▶ Data excerpts
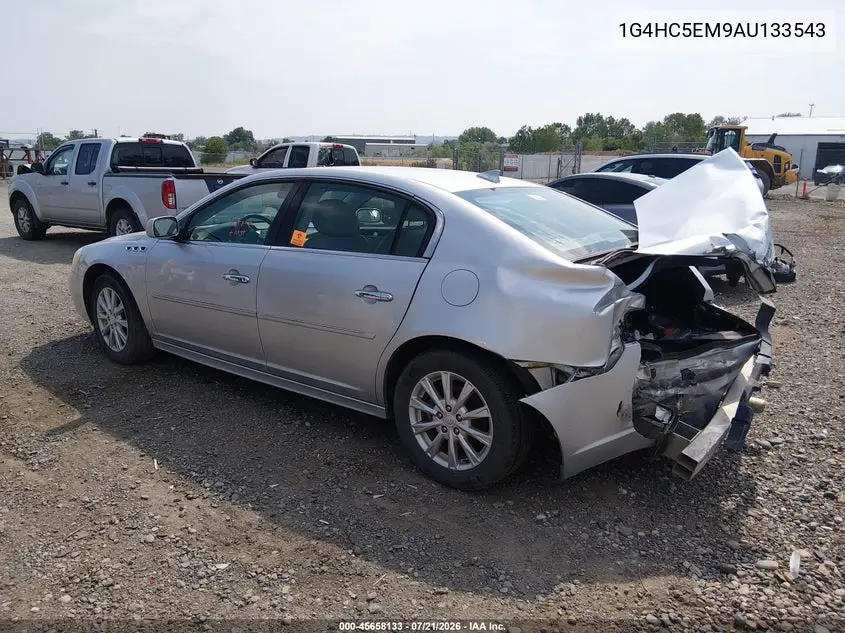 2010 Buick Lucerne Cxl VIN: 1G4HC5EM9AU133543 Lot: 45658133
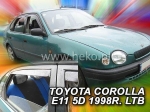 Ветробрани за TOYOTA COROLLA (1997-2001) 5 врати - 4бр. предни и задни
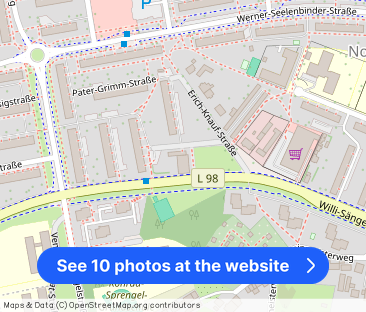 Dein neues Zuhause: Moderne 1-Zimmer-Wohnung mit EBK in Brandenburg... - Photo 1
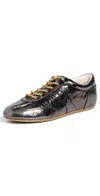 Veronica Beard Riviera Sneakers Gunmetal In Gray
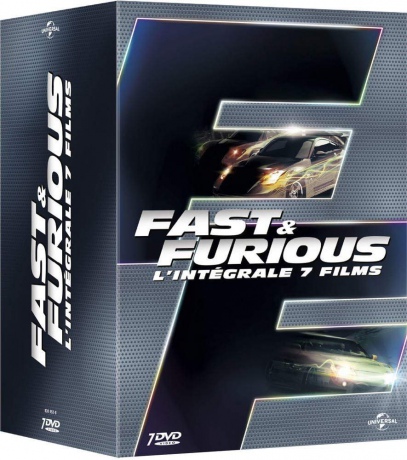 The Fast and the Furious 1-7 (Szybcy i wściekli 1-7) [7DVD]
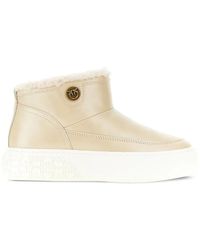 Pinko - Yoko 22 プラットフォーム ブーツ - Lyst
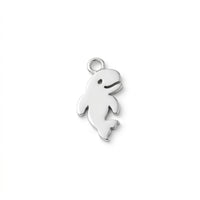 Sara Grace Jewelry - Foto Prodotto Orecchino Beluga Su Sfondo Bianco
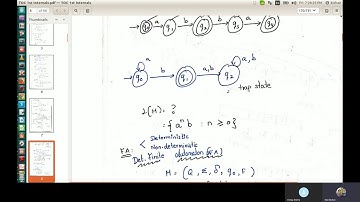 Theory of Computation 05 - PART01: Examples on RL, RE, NFA, DFA, Minimization - HARI KISHAN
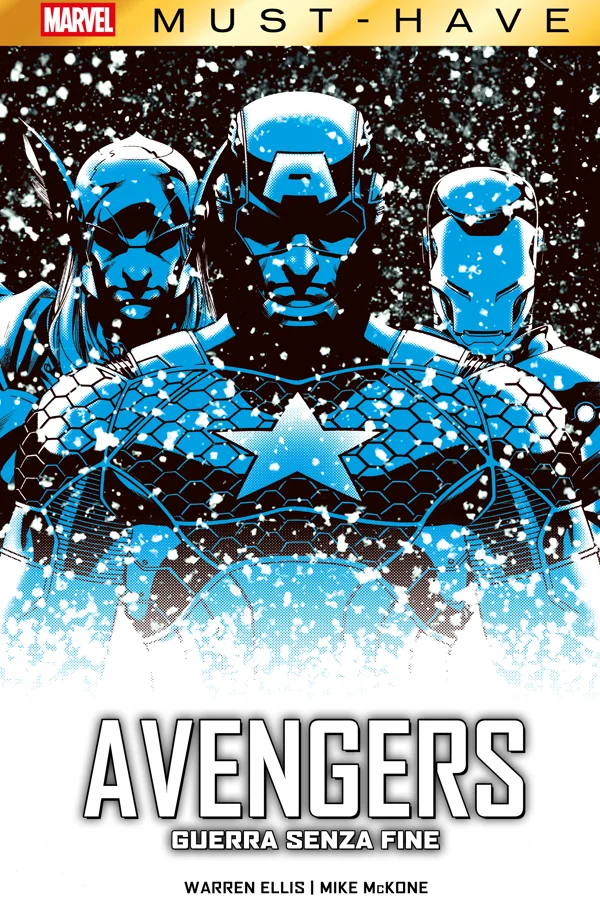Copertina di Marvel Must-Have: Avengers - Guerra senza fine — Volume 113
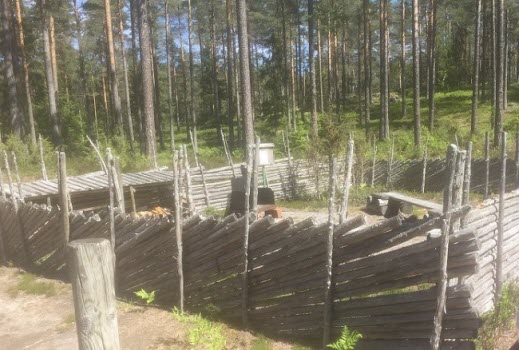 Vandring Dambroängen 190531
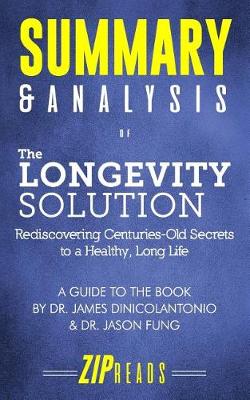 Book cover for Summary & Analysis of the Longevity Solution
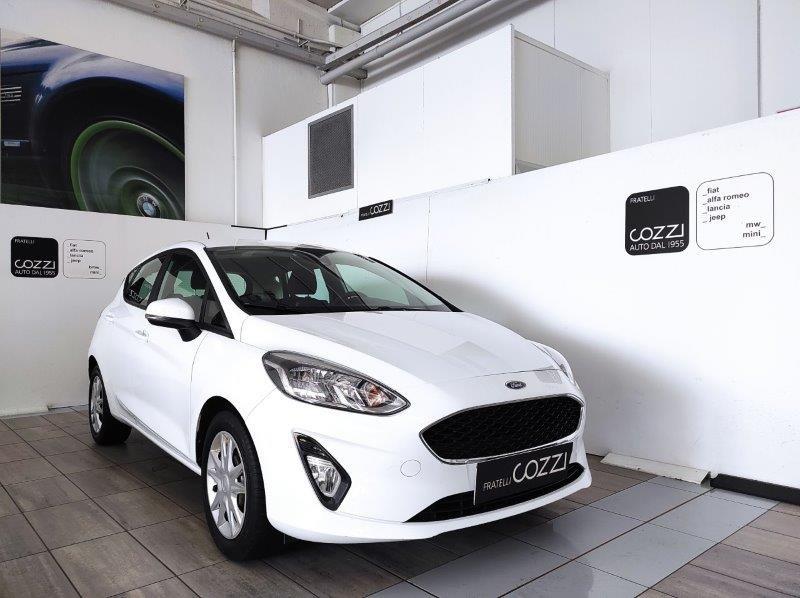 FORD Fiesta 7ª serie - Fiesta 1.0 Ecoboost Hybrid 125 CV 5 porte Connect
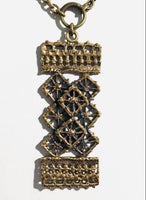 Halskæde, bronze, Pentti Sarpaneva
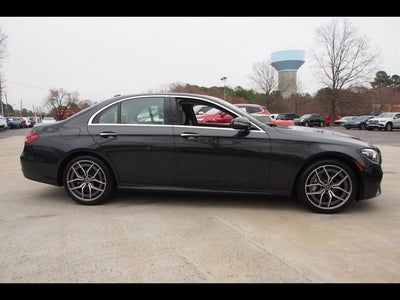 2021 Mercedes-Benz E-Class E 350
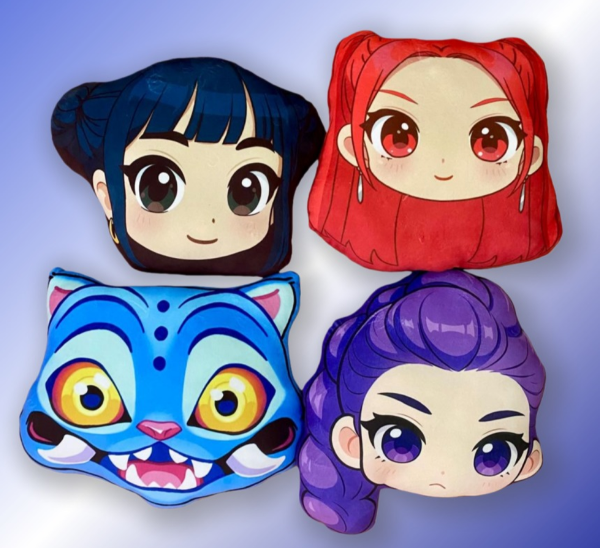 Producto - Almohadas Demon hunters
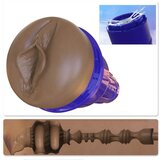 Fleshlight Boost Bang - realističen masturbator za umetno pičko (rjav) | Shoptok.si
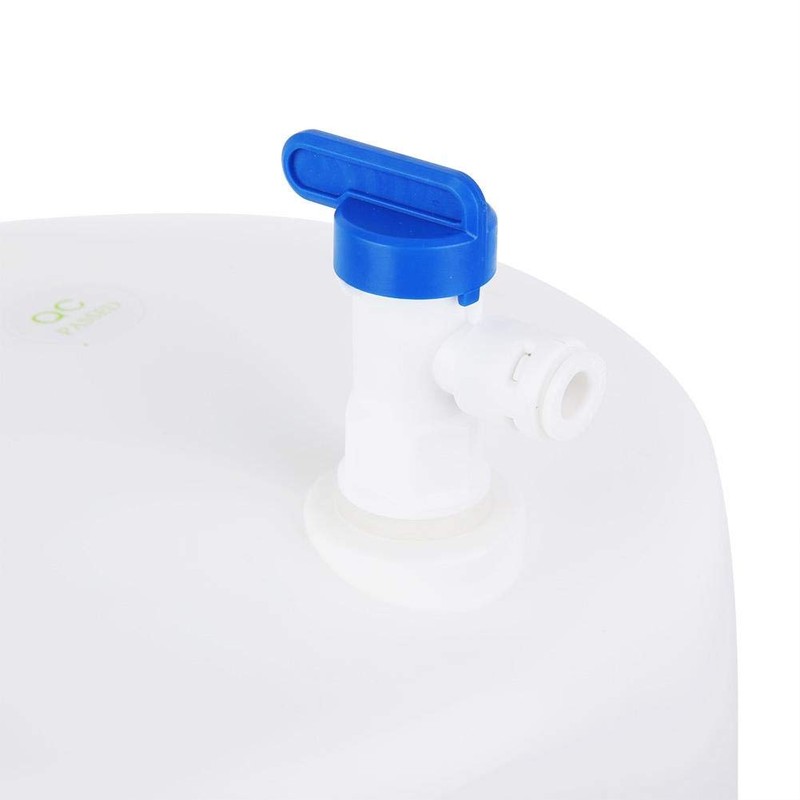 3.2 Gallon Pressurized Water Storage with Ball Valve for Reverse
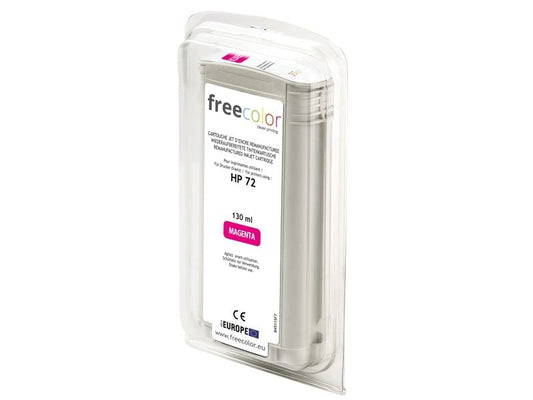 Freecolor Encre HP 72 Magenta
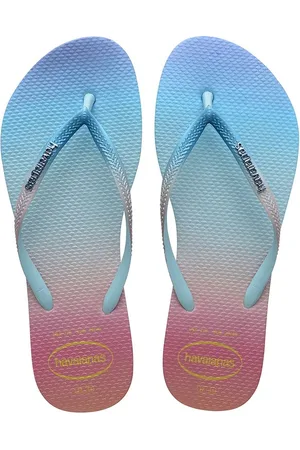 Havaianas Žabky SLIM GRADIENT dámské, barva, na plochém podpatku, 4146908-0001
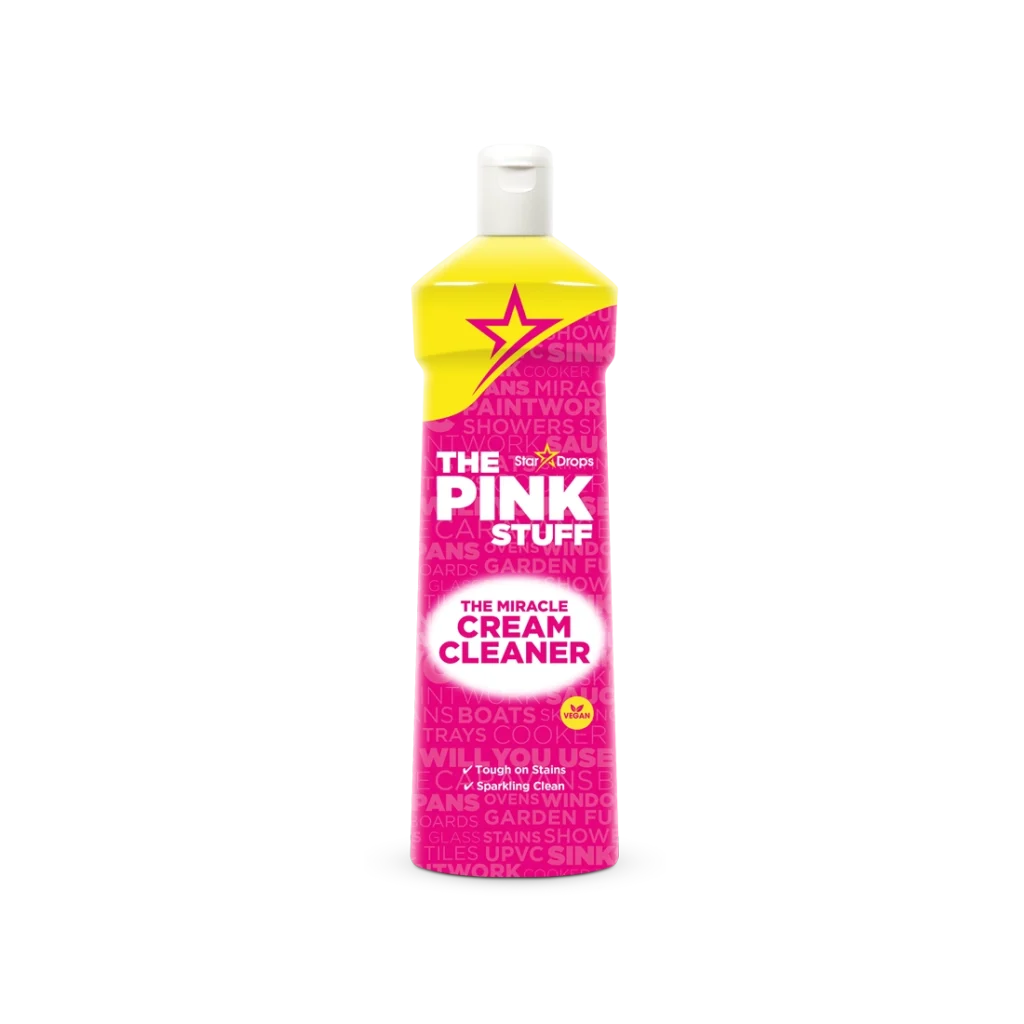 The Pink Stuff Miracle Cream Cleaner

▶ Exercise
Would you restate word for word only the lines from the one containing "Freecolor Encre HP 72 Magenta" to the final line of the material, both ends included, without any pictures?

▶ The answer
 Freecolor Encre HP 72 Magenta
 Havaianas Žabky SLIM GRADIENT dámské, barva, na plochém podpatku, 4146908-0001
 The Pink Stuff Miracle Cream Cleaner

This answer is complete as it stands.